Articolo pubblicato su FiscoOggi (https://fiscooggi.it/)

Giurisprudenza

In una società a ristretta base azionaria nessun socio può dire che non sapeva

Accertamento Irpef per maggiori redditi di partecipazione

_2388.jpg
L'accertamento per relationem, che fa riferimento ad atti non allegati, è legittimo purché gli atti siano conosciuti o conoscibili dal contribuente. La Cassazione conferma l'operato dell'ufficio Entrate di Agropoli in una lite da oltre 4,5 milioni con un contribuente socio al 62,5% di due Srl attive nel settore della produzione olearia. In caso di società a ristretta base azionaria, spetta al contribuente dimostrare che gli utili non sono stati distribuiti, ma accantonati o reinvestiti; relativamente all'aliquota applicata, è sufficiente l'indicazione di quella minima e massima.

La vicenda prende il via dagli accertamenti compiuti a carico delle due società per maggiori utili non contabilizzati e si concretizza in un avviso di accertamento a un socio, al quale l'Agenzia contesta un maggior reddito netto ai fini dell'Irpef, presumendo che, trattandosi di società di capitali a ristretta base azionaria, i maggiori redditi fossero stati distribuiti ai soci (nel caso specifico tre).

Il socio, il cui ricorso era già stato respinto in primo e in secondo grado, si è rivolto alla Cassazione, sostenendo l'illegittimità dell'accertamento e contestando in particolare la motivazione per relationem, che era alla base dell'atto, il riferimento cioè in un provvedimento amministrativo (l'accertamento al socio) a un altro provvedimento (l'accertamento alle società). Inoltre, il contribuente contestava la mancata indicazione dell'aliquota applicata - in quanto nell'accertamento erano riportante soltanto le aliquote minime e massime - e la presunzione da parte dell'Amministrazione fiscale di distribuzione ai soci dei maggiori redditi delle società.

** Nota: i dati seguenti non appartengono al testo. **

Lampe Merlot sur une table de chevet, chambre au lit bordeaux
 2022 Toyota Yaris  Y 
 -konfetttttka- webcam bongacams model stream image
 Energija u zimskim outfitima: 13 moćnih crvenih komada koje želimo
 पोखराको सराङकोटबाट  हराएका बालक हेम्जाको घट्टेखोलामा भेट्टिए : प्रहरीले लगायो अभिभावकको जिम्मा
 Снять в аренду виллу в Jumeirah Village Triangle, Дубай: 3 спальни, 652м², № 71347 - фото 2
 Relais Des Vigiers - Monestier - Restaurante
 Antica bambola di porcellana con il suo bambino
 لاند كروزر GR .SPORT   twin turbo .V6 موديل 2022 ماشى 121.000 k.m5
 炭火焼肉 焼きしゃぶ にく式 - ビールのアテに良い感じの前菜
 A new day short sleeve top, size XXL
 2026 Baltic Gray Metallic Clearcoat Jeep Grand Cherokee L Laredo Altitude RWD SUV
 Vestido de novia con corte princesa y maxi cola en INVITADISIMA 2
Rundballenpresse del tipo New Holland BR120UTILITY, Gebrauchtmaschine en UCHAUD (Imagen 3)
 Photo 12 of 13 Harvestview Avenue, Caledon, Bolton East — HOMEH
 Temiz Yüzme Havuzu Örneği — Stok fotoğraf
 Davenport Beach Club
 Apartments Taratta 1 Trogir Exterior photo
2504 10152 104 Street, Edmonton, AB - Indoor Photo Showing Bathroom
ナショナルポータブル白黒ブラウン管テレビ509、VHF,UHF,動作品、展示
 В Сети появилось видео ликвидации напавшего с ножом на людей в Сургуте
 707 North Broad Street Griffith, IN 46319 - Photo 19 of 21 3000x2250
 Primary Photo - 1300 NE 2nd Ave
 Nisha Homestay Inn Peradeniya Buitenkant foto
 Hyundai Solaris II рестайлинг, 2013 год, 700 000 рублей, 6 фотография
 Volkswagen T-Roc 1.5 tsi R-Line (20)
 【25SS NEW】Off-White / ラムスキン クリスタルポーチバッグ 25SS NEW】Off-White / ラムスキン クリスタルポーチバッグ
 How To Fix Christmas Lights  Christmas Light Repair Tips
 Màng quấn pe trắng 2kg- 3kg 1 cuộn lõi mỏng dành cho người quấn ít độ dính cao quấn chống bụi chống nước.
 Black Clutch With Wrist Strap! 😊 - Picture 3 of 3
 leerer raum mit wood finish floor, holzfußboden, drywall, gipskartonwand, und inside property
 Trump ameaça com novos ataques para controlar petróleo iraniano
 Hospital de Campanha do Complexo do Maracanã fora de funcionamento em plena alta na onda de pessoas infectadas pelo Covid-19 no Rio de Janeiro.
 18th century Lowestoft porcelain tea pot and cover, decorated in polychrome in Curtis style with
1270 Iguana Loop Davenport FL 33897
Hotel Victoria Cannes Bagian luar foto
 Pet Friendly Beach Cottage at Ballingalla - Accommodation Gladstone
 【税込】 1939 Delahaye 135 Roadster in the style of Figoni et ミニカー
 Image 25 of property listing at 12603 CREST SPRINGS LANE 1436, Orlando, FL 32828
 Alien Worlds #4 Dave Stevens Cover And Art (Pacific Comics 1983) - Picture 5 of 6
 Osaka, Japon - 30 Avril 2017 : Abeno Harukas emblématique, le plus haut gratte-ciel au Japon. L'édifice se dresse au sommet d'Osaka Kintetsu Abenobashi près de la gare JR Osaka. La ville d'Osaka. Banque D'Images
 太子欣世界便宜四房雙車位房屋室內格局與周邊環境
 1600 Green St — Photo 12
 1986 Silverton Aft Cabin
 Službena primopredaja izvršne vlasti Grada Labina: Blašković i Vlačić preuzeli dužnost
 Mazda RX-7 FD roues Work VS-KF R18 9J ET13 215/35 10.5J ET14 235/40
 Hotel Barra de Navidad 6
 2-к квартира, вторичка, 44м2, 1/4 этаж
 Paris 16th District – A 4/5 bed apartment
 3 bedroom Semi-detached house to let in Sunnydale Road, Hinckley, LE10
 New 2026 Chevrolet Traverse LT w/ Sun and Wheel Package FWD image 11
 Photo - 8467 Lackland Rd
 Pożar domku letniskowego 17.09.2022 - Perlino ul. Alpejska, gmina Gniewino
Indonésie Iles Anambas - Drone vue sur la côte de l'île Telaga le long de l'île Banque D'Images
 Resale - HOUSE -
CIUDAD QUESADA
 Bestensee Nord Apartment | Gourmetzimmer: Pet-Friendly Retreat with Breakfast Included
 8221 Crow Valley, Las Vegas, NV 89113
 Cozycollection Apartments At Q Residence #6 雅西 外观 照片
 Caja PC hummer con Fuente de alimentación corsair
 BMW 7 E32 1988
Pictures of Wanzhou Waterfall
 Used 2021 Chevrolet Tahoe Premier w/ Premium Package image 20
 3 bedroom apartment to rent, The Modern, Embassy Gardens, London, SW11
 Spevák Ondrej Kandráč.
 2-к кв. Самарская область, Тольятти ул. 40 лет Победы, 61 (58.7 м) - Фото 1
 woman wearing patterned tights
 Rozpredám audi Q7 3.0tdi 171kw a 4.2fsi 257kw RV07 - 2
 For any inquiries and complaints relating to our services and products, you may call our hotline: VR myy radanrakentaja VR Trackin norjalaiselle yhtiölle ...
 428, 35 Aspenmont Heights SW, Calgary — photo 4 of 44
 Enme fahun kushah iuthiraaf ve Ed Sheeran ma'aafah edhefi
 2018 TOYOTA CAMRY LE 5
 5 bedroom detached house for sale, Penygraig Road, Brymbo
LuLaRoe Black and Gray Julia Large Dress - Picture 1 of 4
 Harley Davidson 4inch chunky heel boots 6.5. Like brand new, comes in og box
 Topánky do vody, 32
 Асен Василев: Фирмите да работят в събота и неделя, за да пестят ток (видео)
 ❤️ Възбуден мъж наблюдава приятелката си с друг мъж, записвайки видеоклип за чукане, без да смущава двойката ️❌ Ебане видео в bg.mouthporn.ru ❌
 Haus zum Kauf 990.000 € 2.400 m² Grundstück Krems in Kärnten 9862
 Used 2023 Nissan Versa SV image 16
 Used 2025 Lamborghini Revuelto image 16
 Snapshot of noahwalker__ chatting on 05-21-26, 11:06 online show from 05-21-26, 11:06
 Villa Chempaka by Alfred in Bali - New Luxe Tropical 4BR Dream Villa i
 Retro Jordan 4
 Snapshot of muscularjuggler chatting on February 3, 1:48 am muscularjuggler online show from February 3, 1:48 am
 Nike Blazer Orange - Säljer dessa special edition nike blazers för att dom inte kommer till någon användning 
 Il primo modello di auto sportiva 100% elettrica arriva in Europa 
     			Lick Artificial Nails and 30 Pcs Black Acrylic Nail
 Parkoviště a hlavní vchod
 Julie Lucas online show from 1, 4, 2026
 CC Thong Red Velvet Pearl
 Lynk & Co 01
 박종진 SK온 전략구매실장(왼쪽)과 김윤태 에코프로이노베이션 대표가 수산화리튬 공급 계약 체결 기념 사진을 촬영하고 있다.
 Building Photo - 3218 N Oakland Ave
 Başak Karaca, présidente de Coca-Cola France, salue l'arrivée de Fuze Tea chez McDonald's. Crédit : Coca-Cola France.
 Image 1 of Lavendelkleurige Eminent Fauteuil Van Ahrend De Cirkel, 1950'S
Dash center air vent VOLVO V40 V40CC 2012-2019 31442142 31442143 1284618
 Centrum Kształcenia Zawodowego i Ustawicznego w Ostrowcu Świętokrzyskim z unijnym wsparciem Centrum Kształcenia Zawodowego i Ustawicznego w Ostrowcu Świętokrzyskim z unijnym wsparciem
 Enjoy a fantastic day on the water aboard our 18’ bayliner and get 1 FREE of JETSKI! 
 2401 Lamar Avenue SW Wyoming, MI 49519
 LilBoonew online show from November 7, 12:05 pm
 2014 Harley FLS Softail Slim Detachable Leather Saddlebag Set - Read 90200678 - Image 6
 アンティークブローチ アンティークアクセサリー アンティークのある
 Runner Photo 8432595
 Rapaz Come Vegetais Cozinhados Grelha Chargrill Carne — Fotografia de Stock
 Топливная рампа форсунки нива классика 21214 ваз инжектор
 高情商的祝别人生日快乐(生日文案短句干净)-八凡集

La Corte di cassazione, che ha dato ragione all'agenzia delle Entrate su tutti i fronti, ha respinto il ricorso, sottolineando la legittimità dell'accertamento per relationem, in quanto il contribuente di certo conosceva o poteva conoscere gli atti di accertamento relativi alle società di cui era socio, che tra l'altro erano già definitivi per mancata impugnazione.
Inoltre, per quanto riguarda la mancata indicazione dell'aliquota applicata, la Corte si è pronunciata in modo diametralmente opposto rispetto a una precedente sentenza. È vero che l'avviso di accertamento a fini Irpef - che indica soltanto l'aliquota minima e massima e non quella intermedia - viola il principio di precisione e di chiarezza delle "indicazioni" che è alla base dell'articolo 42 del Dpr 600/73, tuttavia "l'aliquota applicata era comunque desumibile dal contribuente in forza degli elementi in suo possesso", tenendo anche conto del rinvio alla tabella di legge per la progressione intermedia.

Infine la Corte, confermando la consolidata giurisprudenza in materia, ha sostenuto che "in ipotesi di società di capitali a ristretta base azionaria, in caso di accertamento di utili non contabilizzati, opera la presunzione di attribuzione 'pro quota' ai soci degli utili stessi, salva la prova contraria che dimostri che i maggiori ricavi siano stati accantonati o reinvestiti".
Prova che il contribuente non ha mai fornito.